_WHAT THE EXERCISE ASKS:_
Output every entry exactly as given.

★ ★ ★ ★

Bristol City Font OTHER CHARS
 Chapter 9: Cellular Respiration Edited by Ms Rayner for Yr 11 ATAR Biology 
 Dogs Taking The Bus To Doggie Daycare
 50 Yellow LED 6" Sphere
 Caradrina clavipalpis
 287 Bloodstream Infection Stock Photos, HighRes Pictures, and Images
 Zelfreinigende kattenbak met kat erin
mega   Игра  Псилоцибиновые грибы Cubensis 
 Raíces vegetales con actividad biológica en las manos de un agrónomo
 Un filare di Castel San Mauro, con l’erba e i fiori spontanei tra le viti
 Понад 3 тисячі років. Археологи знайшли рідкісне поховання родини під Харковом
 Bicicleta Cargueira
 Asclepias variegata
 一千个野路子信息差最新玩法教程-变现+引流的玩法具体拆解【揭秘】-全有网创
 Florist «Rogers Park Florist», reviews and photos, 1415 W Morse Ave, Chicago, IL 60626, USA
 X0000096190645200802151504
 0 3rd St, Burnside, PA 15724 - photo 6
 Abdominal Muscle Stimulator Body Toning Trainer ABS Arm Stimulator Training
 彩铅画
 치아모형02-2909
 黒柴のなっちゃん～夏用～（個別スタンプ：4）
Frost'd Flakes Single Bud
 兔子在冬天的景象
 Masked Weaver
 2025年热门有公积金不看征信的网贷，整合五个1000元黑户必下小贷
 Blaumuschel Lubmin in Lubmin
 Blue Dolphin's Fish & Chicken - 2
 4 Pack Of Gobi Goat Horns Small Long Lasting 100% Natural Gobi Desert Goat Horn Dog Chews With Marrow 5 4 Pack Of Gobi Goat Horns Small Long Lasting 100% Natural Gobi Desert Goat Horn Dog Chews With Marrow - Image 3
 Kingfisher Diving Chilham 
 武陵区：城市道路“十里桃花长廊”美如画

★ ★ ★ ★

_PROBLEM SOLUTION:_
Bristol City Font OTHER CHARS
 Chapter 9: Cellular Respiration Edited by Ms Rayner for Yr 11 ATAR Biology 
 Dogs Taking The Bus To Doggie Daycare
 50 Yellow LED 6" Sphere
 Caradrina clavipalpis
 287 Bloodstream Infection Stock Photos, HighRes Pictures, and Images
 Zelfreinigende kattenbak met kat erin
mega   Игра  Псилоцибиновые грибы Cubensis 
 Raíces vegetales con actividad biológica en las manos de un agrónomo
 Un filare di Castel San Mauro, con l’erba e i fiori spontanei tra le viti
 Понад 3 тисячі років. Археологи знайшли рідкісне поховання родини під Харковом
 Bicicleta Cargueira
 Asclepias variegata
 一千个野路子信息差最新玩法教程-变现+引流的玩法具体拆解【揭秘】-全有网创
 Florist «Rogers Park Florist», reviews and photos, 1415 W Morse Ave, Chicago, IL 60626, USA
 X0000096190645200802151504
 0 3rd St, Burnside, PA 15724 - photo 6
 Abdominal Muscle Stimulator Body Toning Trainer ABS Arm Stimulator Training
 彩铅画
 치아모형02-2909
 黒柴のなっちゃん～夏用～（個別スタンプ：4）
Frost'd Flakes Single Bud
 兔子在冬天的景象
 Masked Weaver
 2025年热门有公积金不看征信的网贷，整合五个1000元黑户必下小贷
 Blaumuschel Lubmin in Lubmin
 Blue Dolphin's Fish & Chicken - 2
 4 Pack Of Gobi Goat Horns Small Long Lasting 100% Natural Gobi Desert Goat Horn Dog Chews With Marrow 5 4 Pack Of Gobi Goat Horns Small Long Lasting 100% Natural Gobi Desert Goat Horn Dog Chews With Marrow - Image 3
 Kingfisher Diving Chilham 
 武陵区：城市道路“十里桃花长廊”美如画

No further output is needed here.